As shown in the exemplary drawings, an improved pool cleaner referred to generally in FIG. 1 by the reference numeral 10 is provided for vacuuming debris such as leaves and twigs as well as small particulate such as sand and silt settled onto submerged floor and side wall surfaces of a swimming pool or the like. The pool cleaner 10 is powered by a suction or vacuum source, such as by connection to a conventional pool water filtration system 12 shown schematically in FIG. 1, by means of a vacuum hose 14. In operation, water is drawn through the pool cleaner 10 in a manner for water-borne vacuuming of debris settled onto submerged pool surfaces, and wherein this flow of water provides a power source for driving a main control valve 16 (FIGS. 5-8) in an oscillatory or reciprocatory manner to induce pressure fluctuations or pulsations which drive the cleaner 10 along a forward path of motion in a succession of incremental steps.
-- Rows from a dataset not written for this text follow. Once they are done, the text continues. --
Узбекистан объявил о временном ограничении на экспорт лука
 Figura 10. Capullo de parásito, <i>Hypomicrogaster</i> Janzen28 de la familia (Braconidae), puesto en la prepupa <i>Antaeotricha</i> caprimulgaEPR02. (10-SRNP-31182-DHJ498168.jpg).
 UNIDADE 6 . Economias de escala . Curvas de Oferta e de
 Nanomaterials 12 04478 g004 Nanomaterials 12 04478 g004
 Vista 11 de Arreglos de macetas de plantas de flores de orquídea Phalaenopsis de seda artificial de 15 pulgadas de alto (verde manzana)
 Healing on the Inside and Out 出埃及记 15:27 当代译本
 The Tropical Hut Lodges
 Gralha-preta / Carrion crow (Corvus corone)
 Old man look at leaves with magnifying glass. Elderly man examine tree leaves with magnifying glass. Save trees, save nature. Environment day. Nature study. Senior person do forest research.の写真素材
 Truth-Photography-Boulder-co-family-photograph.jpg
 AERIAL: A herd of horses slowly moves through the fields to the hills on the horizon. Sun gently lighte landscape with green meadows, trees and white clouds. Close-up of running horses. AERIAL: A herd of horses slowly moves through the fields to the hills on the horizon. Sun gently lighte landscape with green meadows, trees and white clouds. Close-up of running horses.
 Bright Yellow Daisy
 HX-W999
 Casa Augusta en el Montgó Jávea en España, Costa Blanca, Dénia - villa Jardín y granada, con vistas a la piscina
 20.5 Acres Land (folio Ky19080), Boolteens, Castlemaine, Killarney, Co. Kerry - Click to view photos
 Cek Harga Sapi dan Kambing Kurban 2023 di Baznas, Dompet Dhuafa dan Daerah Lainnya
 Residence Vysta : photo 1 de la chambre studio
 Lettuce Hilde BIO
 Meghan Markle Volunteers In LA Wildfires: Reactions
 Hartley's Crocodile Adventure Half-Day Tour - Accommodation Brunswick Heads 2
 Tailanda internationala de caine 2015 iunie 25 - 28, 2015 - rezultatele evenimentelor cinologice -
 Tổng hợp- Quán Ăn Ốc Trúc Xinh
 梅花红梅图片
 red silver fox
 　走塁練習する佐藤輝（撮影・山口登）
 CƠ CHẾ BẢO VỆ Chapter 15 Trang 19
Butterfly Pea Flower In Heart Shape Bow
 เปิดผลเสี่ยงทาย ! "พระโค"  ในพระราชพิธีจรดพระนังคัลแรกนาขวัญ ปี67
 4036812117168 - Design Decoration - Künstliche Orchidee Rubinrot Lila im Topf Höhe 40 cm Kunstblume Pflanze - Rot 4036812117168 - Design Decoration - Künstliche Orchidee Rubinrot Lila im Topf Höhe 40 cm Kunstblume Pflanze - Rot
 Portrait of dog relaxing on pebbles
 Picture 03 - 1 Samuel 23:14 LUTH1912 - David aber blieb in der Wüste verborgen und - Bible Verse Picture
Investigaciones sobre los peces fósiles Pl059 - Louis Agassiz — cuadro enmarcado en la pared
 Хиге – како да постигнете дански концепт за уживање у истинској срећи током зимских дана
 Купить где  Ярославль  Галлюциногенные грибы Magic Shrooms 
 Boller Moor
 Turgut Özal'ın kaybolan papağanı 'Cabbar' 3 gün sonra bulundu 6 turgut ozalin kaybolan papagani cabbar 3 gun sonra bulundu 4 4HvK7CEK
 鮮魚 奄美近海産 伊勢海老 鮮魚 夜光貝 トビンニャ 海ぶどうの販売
The pool cleaner 10 of the present invention is shown in FIG. 1 coupled via the vacuum hose 14 to the suction side of a pump 18 forming part of the pool water filtration system 12. In this regard, the vacuum hose 14 is normally connected between a cylindrical suction fitting 20 on the pool cleaner and a skimmer well 22 mounted typically at one edge of the swimming pool at a location generally at the water's surface. As is well known in the art, the pump 18 draws pool water through the skimmer well 22 (as shown) for discharge flow through a filter canister 24 having a suitable filter media (not shown) therein for filtering and collecting water-entrained debris and particulate. From the filter canister 24, the water is recirculated to the swimming pool typically through a plurality of return lines 26. When the pool cleaner 10 is coupled by the vacuum hose 14 to the skimmer well 22, the pump 18 draws water under a vacuum or negative pressure through the cleaner, wherein this suction water flow is utilized for powering the pool cleaner to travel about in a substantially random pattern within the pool while vacuuming debris settled onto submerged pool surfaces for collection within the filter canister 24. Alternately, it will be recognized and understood that some swimming pools may be equipped with a dedicated suction cleaner flow line (not shown) coupled directly from the pool wall to the filtration system 12, in which case the vacuum hose 14 would be coupled to said suction flow line.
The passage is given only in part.